Jicama Slaw is a light, crunchy, and refreshing side dish that’s perfect for summer cookouts or as a vibrant accompaniment to tacos, grilled meats, or sandwiches. Jicama, often referred to as a Mexican turnip, has a mild, slightly sweet flavor and a crisp texture that pairs beautifully with fresh vegetables like carrots, red cabbage, and bell peppers. Tossed in a tangy lime dressing with a hint of cilantro, this slaw is not only delicious but also packed with nutrients.

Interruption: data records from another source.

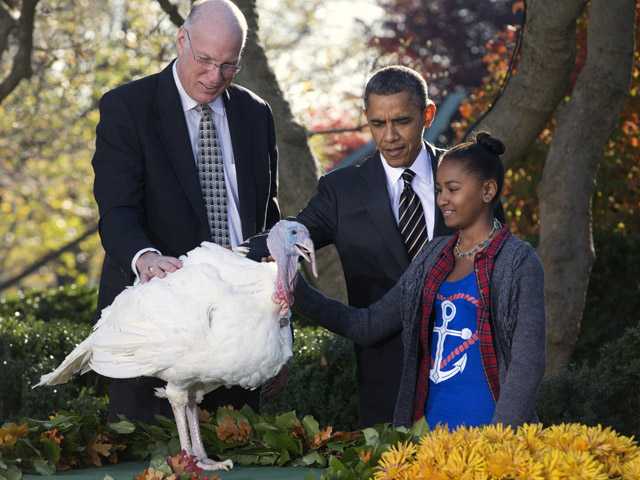 Obama pardons Thanksgiving turkey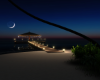 v. Night Party Island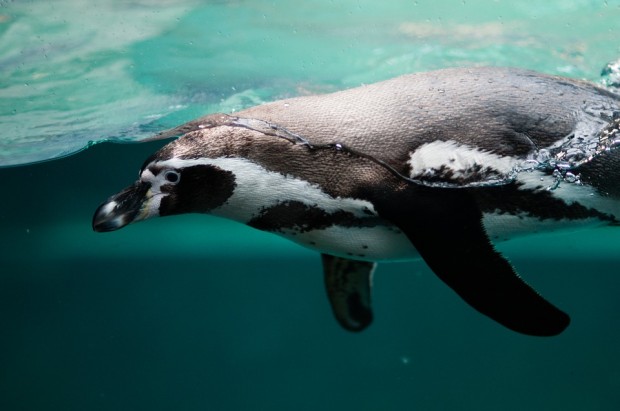 Penguin Underwater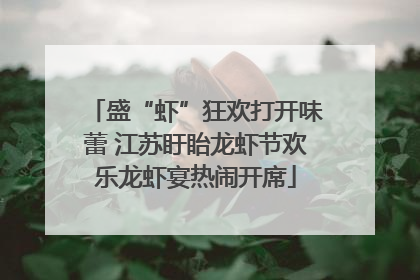 盛“虾”狂欢打开味蕾 江苏盱眙龙虾节欢乐龙虾宴热闹开席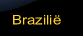 Klik hier voor meer informatie over Brazili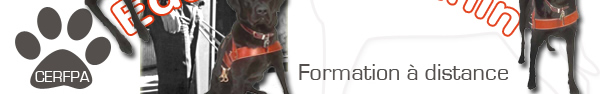 Dure des tudes : 24 mois

Vous aurez  vous occuper de l'ducation des chiens, et dans ce domaine la demande est sans cesse en augmentation tant donn la croissance des adoptions de chiens. On fait surtout appel  l'ducateur pour rgler les problmes d'obissance, et dans ce domaine, il existe une demande d'vidente actualit. Avant d'apprendre les techniques d'ducation et d'apprentissage, il est indispensable que l'ducateur acquiert des connaissances dans le secteur de la psychologie animale. C'est ce qui vous propose cette formation au CERFPA, 1re cole spcialise en psychologie animale; vous apprendre  observer le comportement canin pour comprendre leur comportement avec un enseignement de qualit reconnu dans les milieux professionnels du chien, par son enseignement srieux et efficace.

It’s a fantastic way to add some healthy crunch to your meal while offering a refreshing alternative to traditional coleslaw.
Jicama Slaw Recipe
Ingredients:
- 1 medium jicama, peeled and julienned
- 1 large carrot, peeled and julienned
- 1 cup red cabbage, thinly sliced
- 1 red bell pepper, julienned
- 1/4 cup fresh cilantro, chopped
- 1/4 cup lime juice (about 2 limes)
- 2 tablespoons olive oil
- 1 tablespoon honey (or maple syrup)
- 1 teaspoon ground cumin
- Salt and pepper, to taste
Instructions:
- Prepare the vegetables: Peel and julienne the jicama and carrot, then thinly slice the red cabbage and julienne the red bell pepper. Combine all the vegetables in a large mixing bowl.
- Make the dressing: In a small bowl, whisk together the lime juice, olive oil, honey, cumin, salt, and pepper until well combined.
- Toss the slaw: Pour the dressing over the vegetable mixture and toss everything together until evenly coated. Taste and adjust the seasoning with more salt, pepper, or lime juice as needed.
- Chill and serve: Let the jicama slaw sit in the refrigerator for at least 15-20 minutes before serving to allow the flavors to meld. Garnish with fresh cilantro before serving.
This Jicama Slaw is a wonderfully crisp and zesty side dish that adds a burst of freshness to any meal. Its vibrant colors and flavors make it a perfect addition to your next cookout or taco night!